A “pesquisa” é referendada por um dirigente do Conselho Federal de Medicina, que usa as informações para reforçar a campanha da entidade contra o programa do governo. Trata-se, portanto, de uma daquelas artimanhas do jornalismo segundo a qual um suposto dado objetivo, como o resultado de uma pesquisa, é apresentado como fato comprovador de uma opinião preexistente, omitindo-se do leitor o contexto que lhe permitiria relativizar a informação – no caso, o interesse específico da indústria farmacêutica.
A serviço das farmacêuticas
O Globo nem mesmo se dá ao trabalho de dissimular sua posição: abre a página explorando contradições entre integrantes do governo sobre o salário que os médicos cubanos irão efetivamente receber. No quadro em que o jornal costuma emitir sua opinião, fica claro que seus editores se alinham com o viés mais reacionário das entidades médicas: o texto afirma que “como existe um eixo Havana-Brasília, assentado em simpatias ideológicas, é preciso atenção redobrada na qualidade da prestação de serviço dos companheiros cubanos”.
Assim, em linguagem quase chula, o jornal carioca apoia a ideia de que os médicos cubanos estão sendo trazidos para fazer “pregação comunista”, como entende o presidente do Conselho Federal de Medicina.
A Folha de S. Paulo se destaca por abrir um pouco mais o leque de alternativas do leitor, informando na reportagem principal que o Ministério Público do Trabalho vai investigar as condições da contratação de médicos cubanos. Em outra página, também com destaque, publica a posição do governo brasileiro, manifestada pelo secretário nacional de Vigilância Sanitária e pelo ministro das Relações Exteriores. Há também um perfil dos médicos cubanos que já atuam no Brasil, material acompanhado por um infográfico que mostra a distribuição desses profissionais em todos os estados.
Mas o diferencial da Folha é uma análise produzida pelo jornalista Marcelo Leite (ver aqui), na qual ele observa que Cuba forma milhares de médicos por mês, “como produto de exportação”. O autor explica que o governo cubano montou uma verdadeira indústria de profissionais de saúde, a maioria deles com especialização em medicina preventiva. Esse seria o segredo principal das realizações do regime cubano na área da saúde, como uma taxa de mortalidade infantil inferior à dos Estados Unidos. A ilha comandada pelos irmãos Castro desde 1959 produziu a partir de então 124.789 médicos e se destaca pela prevenção de doenças, diz o articulista.
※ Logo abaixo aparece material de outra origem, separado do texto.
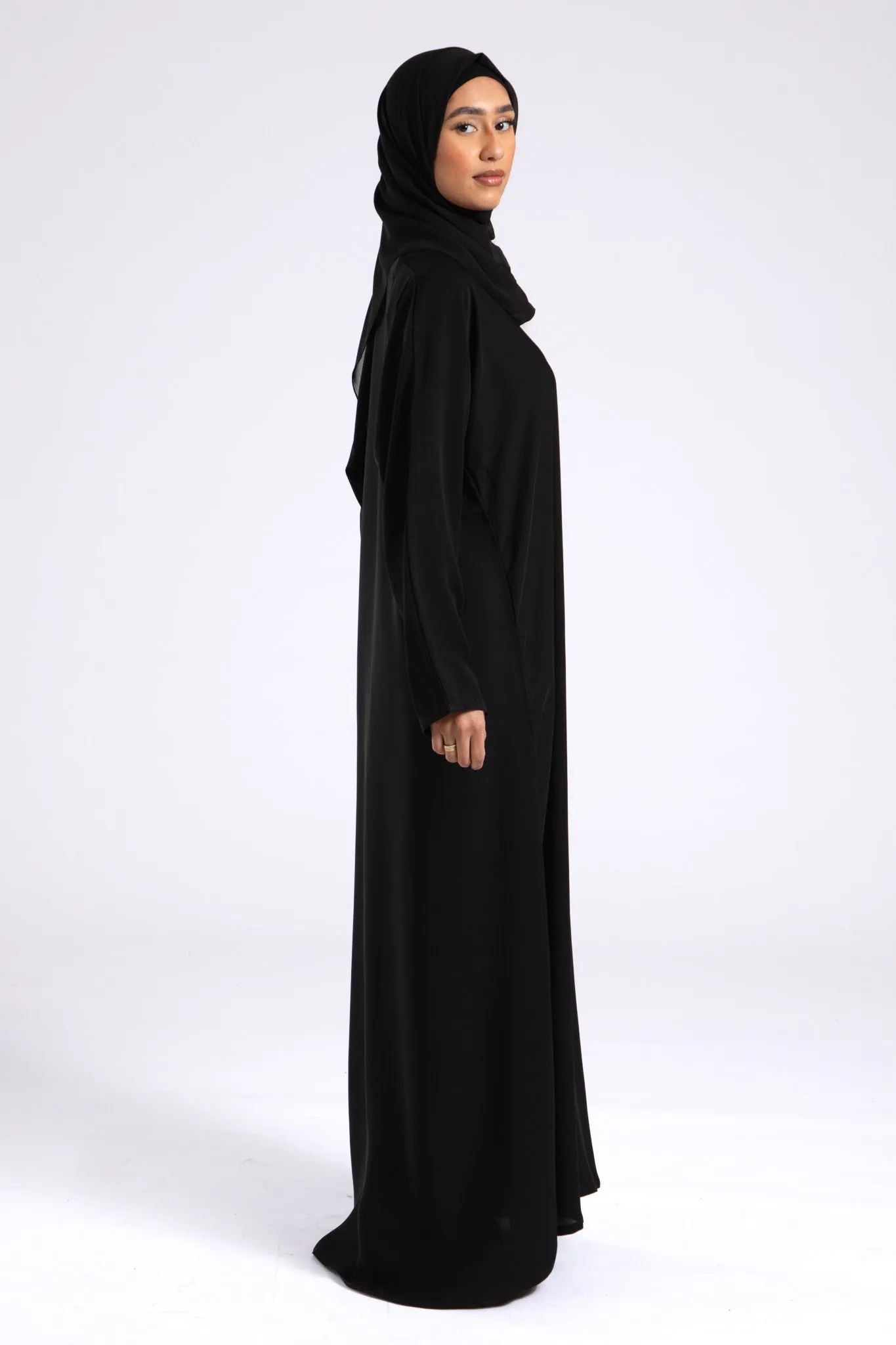 Plain Black Closed Abaya (Premium)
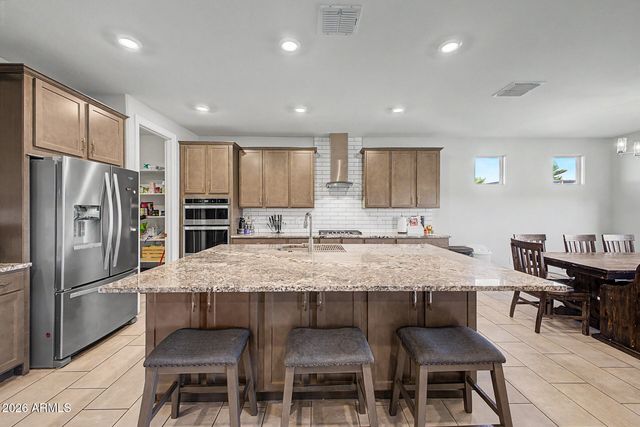 18399 W MOUNTAIN SKY Avenue, Goodyear, AZ 85338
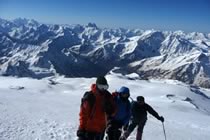 L'Elbrouz, le toit de l'Europe � ski
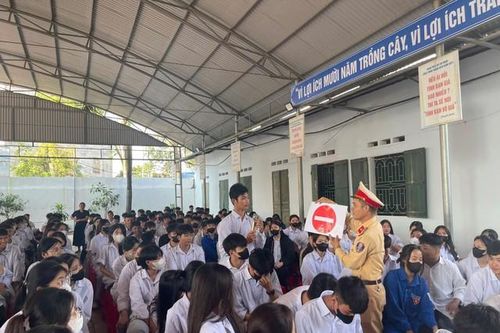 Bắc Giang: Nhiều học sinh và phụ huynh ở Lục Nam bị xử lý do vi phạm TTATGT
Esse é o ponto central da polêmica: ao trazer 4 mil médicos de Cuba, o governo brasileiro está sinalizando que sua estratégia para suprir as deficiência da saúde nos lugares mais pobres vai se basear no atendimento preventivo, que reduz sensivelmente os custos do sistema e diminui a dependência em relação às empresas do setor farmacêutico.
O articulista da Folha dá a pista de onde vêm os interesses contrários ao programa do governo, ao afirmar que “na medicina preventiva, sua especialidade, é possível que [os médicos cubanos] se revelem até mais eficientes que os do Brasil, cuja medicina tem outras prioridades”.
Some-se isso com aquilo e... bingo! O leitor já sabe a serviço de quem estão as entidades que se opõem ao programa Mais Médicos.